2018-11-07 13:56:35

SHANGHAI — Less than four months after China’s last major health crisis, parts of the country are facing a dire shortage of flu vaccine as peak season approaches. In the southern city of Guangzhou, flu vaccines for children are almost completely out of stock, while injections for adults can only be found at a handful of community health centers, local media outlet Yangcheng Evening News reported Wednesday.

The situation isn’t any better in the nation’s capital: Sources from Beijing’s Center for Disease Control and Prevention in October told China Securities Journal — a newspaper affiliated with state-owned Xinhua News Agency — that the city’s reserves of flu vaccines were completely depleted just four days after they were made available to the public. In Shanghai, meanwhile, some community health centers say they have yet to receive a single batch of vaccines. “In previous years, flu vaccines were made available in mid-to-late October — but this year, we’ll probably start offering this service in mid-November,” an employee at a health center in Shanghai’s Pudong New Area told Sixth Tone.

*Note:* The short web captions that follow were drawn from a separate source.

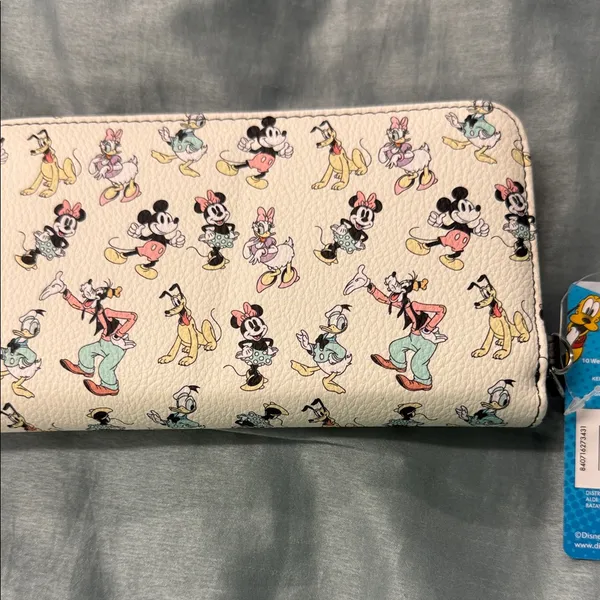 Disney Multicolor Character Pattern Wallet - Image 4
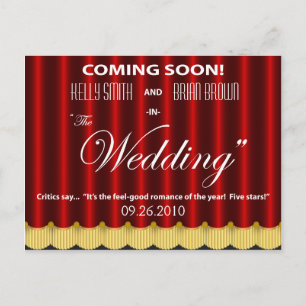 Cartão Postal De Anúncio Cartão-postal do Cinema Save-The-Date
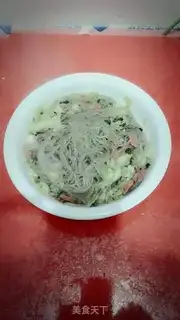 Make A fan of cabbage step 4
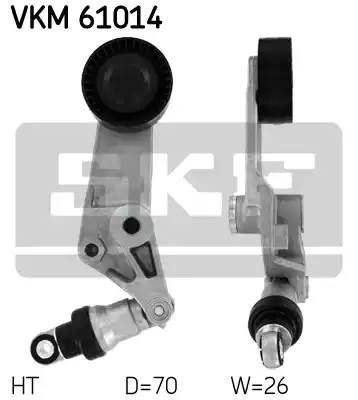 Ролик натяжителя VKM61014 VKM61014 SKF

One reason for this year’s vaccine shortage is likely the severity of the last flu season, which in China lasts roughly from December through March. According to data from China’s National Health Commission, in February there were 139,738 flu cases, 50 of which proved fatal. Both of these figures are significantly higher than in the year prior: Just six out of 22,998 people who came down with the flu in February 2017 ended up dying.

An article titled “Middle-Aged Beijing Man Under the Flu” — in which a man recounts how the virus claimed his father’s life in less than a month — went viral in February, garnering over 10 million views and contributing to a public panic to get vaccinated. “At the end of October, I signed my whole family up to get flu vaccines. I don’t want my parents or my young daughter to be at risk during the coming flu season,” said Beijing resident Mo Keke, whose husband contracted the H1N1 influenza virus last December. “He was very sick for about two weeks,” Mo told Sixth Tone on Wednesday. “Fortunately, there were no complications.”

Higher public demand isn’t the only factor contributing to this year’s vaccine shortage: Stocks from manufacturers are way down as well. China Securities Journal cited data from the National Institutes for Food and Drug Control saying that in the first three quarters of this year, health authorities approved a total of 7.35 million doses of flu vaccine, half as many as over the same period last year. Changchun Changsheng Life Sciences Ltd. — the pharmaceutical company that was found to have falsified data and produced hundreds of thousands of ineffective vaccines — alone provided 3.6 million doses of flu vaccine for the domestic market in 2017. But the company was fined 9.1 billion yuan ($1.3 billion) and had its production license revoked in October of this year, three months after news of the scandal broke in July.

Other vaccine manufacturers, too, have reported lower production this year. Sanofi, a French pharmaceutical company, usually provides between 6 million and 7 million doses of flu vaccine for the Chinese market each year. But as of October, Sanofi had had just 1.2 million doses approved for distribution to China’s health centers.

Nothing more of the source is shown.